▸ WORK TO COMPLETE: Give a verbatim copy of the data, leaving the pictures out.

▸ DATA EXCERPT:
Content starts
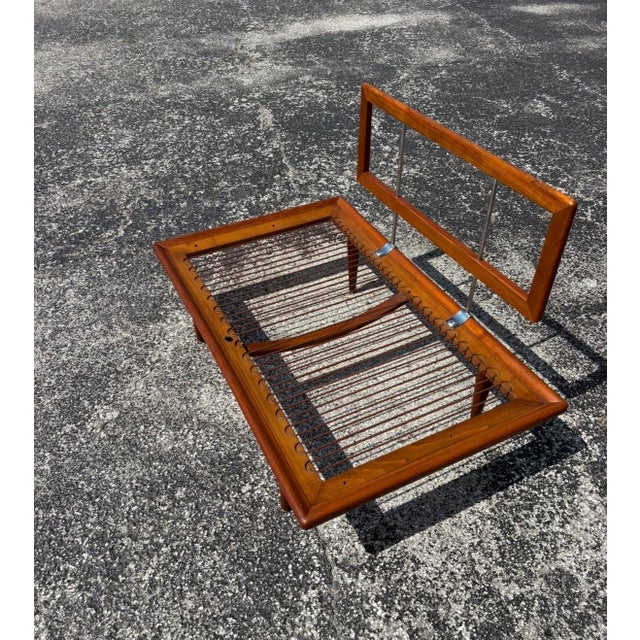Reupholstered Danish Minerva Loveseat Daybed Designed by Peter Hvidt and Orla Molgaard-Nielson For Sale In Tampa - Image 6 of 12
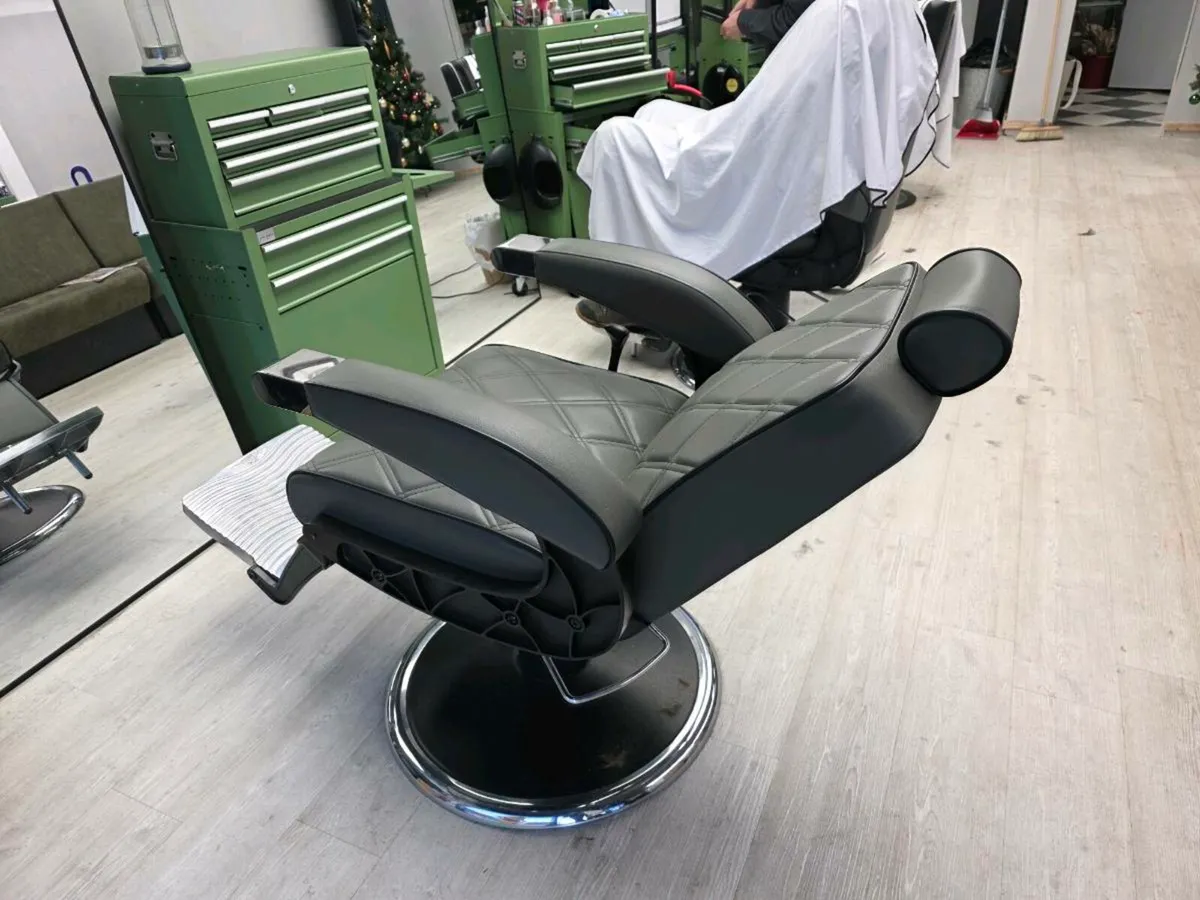 Brand new Barber chair - Image 3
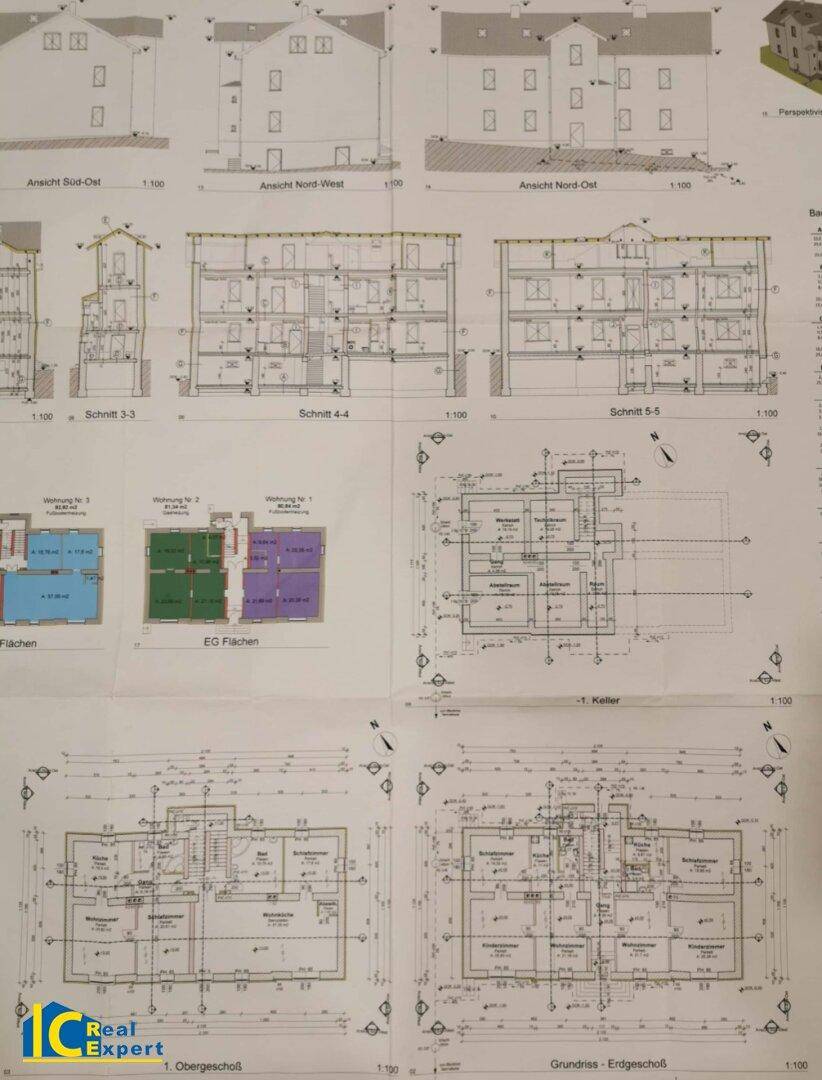 Detaillierter Bauplan mit verschiedenen Ansichten und Grundrissen der Etagen des Gebäudes.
Content ends
▸ RESPONSE BELOW:
Reupholstered Danish Minerva Loveseat Daybed Designed by Peter Hvidt and Orla Molgaard-Nielson For Sale In Tampa - Image 6 of 12
 Brand new Barber chair - Image 3
 Detaillierter Bauplan mit verschiedenen Ansichten und Grundrissen der Etagen des Gebäudes.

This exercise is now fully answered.